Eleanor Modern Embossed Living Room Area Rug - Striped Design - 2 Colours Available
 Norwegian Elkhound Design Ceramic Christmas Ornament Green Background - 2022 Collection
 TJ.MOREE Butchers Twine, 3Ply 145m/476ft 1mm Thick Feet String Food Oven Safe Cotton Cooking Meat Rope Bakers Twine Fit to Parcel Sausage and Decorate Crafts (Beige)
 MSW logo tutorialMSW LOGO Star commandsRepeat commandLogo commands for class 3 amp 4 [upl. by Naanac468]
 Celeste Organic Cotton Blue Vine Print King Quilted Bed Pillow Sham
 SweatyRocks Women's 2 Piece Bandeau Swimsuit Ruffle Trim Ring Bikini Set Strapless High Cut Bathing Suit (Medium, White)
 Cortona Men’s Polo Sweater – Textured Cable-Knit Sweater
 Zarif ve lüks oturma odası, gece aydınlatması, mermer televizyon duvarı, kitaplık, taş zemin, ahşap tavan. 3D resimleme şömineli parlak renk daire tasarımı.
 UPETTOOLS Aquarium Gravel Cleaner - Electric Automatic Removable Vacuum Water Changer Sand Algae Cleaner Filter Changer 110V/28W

━━━━━━━━━━━━━━━━━━━━━━━━━━━━━━

Above this task is a listing. Restate, word for word and with nothing added, the lines from the one with "MSW logo tutorialMSW" through the one with "Cortona Men’s Polo".

 MSW logo tutorialMSW LOGO Star commandsRepeat commandLogo commands for class 3 amp 4 [upl. by Naanac468]
 Celeste Organic Cotton Blue Vine Print King Quilted Bed Pillow Sham
 SweatyRocks Women's 2 Piece Bandeau Swimsuit Ruffle Trim Ring Bikini Set Strapless High Cut Bathing Suit (Medium, White)
 Cortona Men’s Polo Sweater – Textured Cable-Knit Sweater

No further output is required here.